* [DATASET EXTRACT]
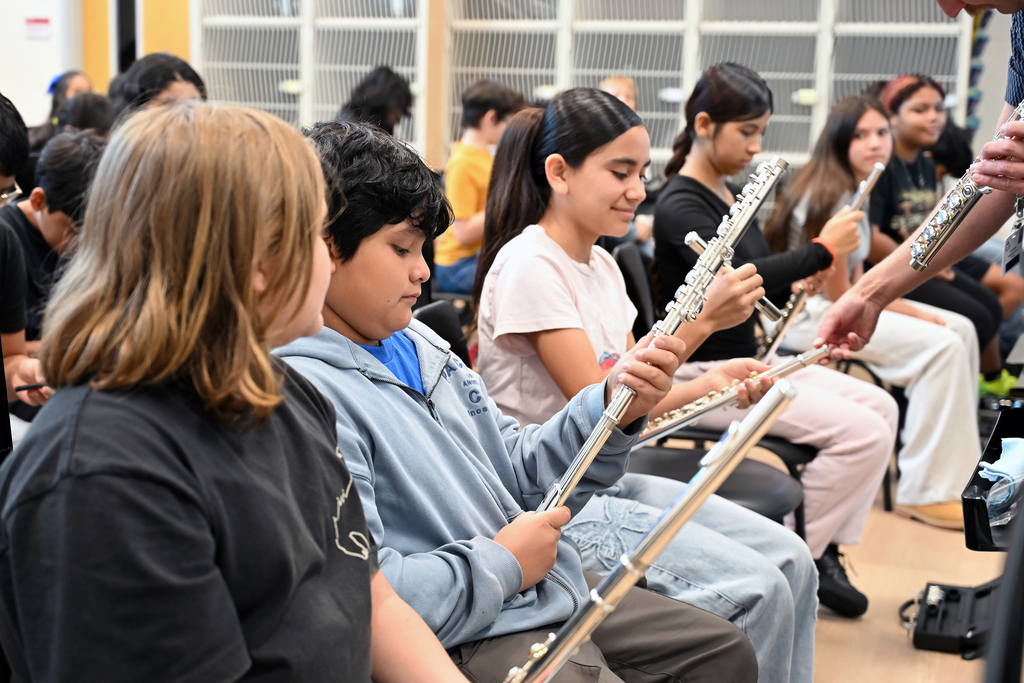 Students seated in a classroom hold flutes. One student holds a flute while a teacher assists.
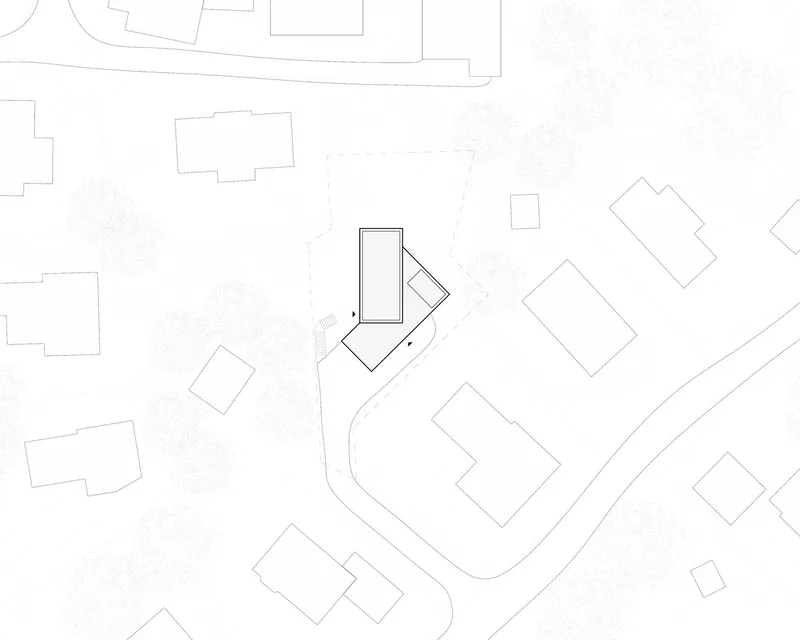 Site plan drawing showing the building footprint positioned among neighboring structures and winding access road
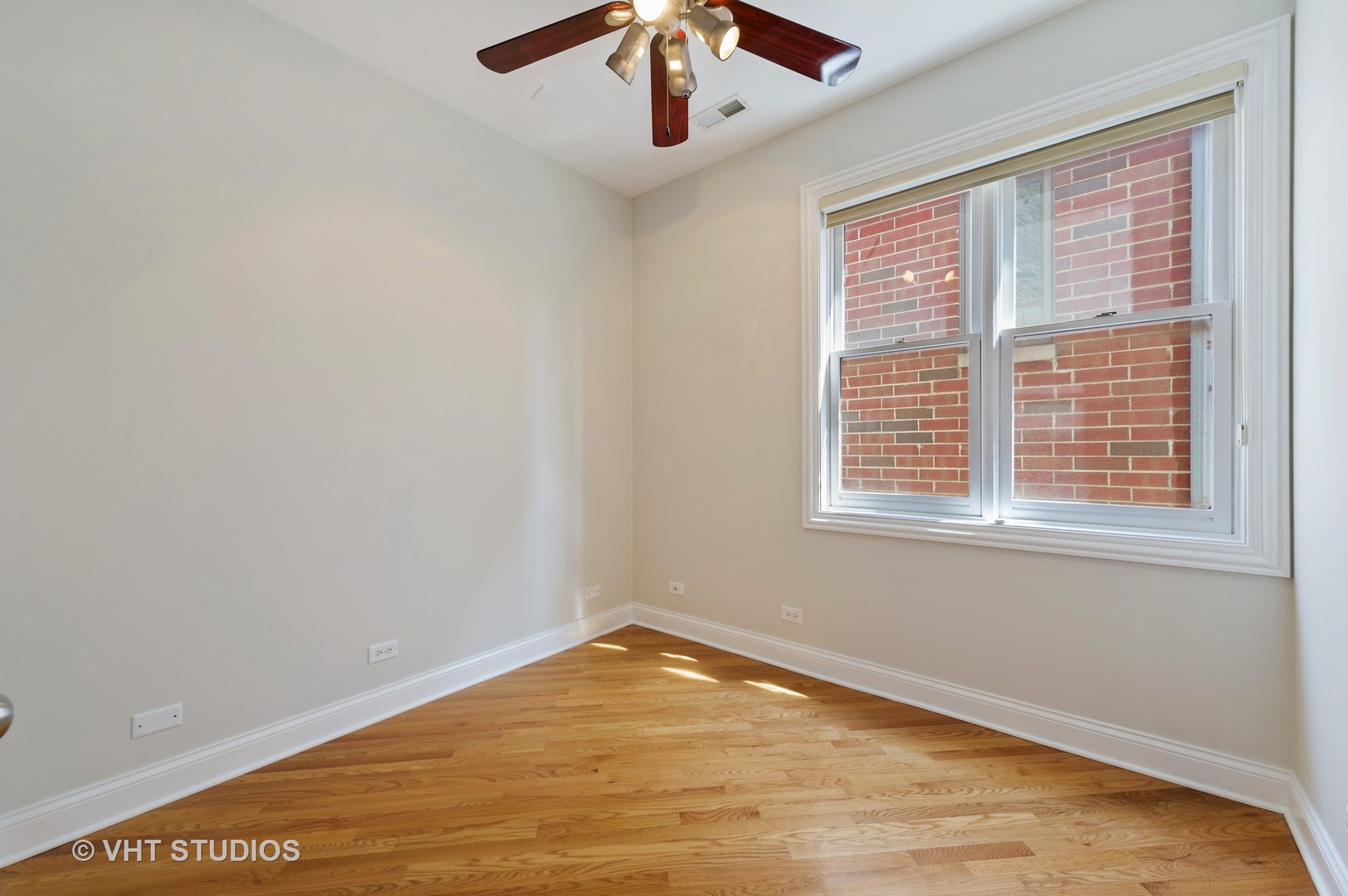 2022 North Wood Street, Unit 3S Chicago, IL 60614 - Photo 10 of 13 an empty room with window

* [ABOUT THIS TASK] The whole listing must be restated word for word. Leave out any pictures.

* [ANSWER FOR THE TASK]
 Students seated in a classroom hold flutes. One student holds a flute while a teacher assists.
 Site plan drawing showing the building footprint positioned among neighboring structures and winding access road
 2022 North Wood Street, Unit 3S Chicago, IL 60614 - Photo 10 of 13 an empty room with window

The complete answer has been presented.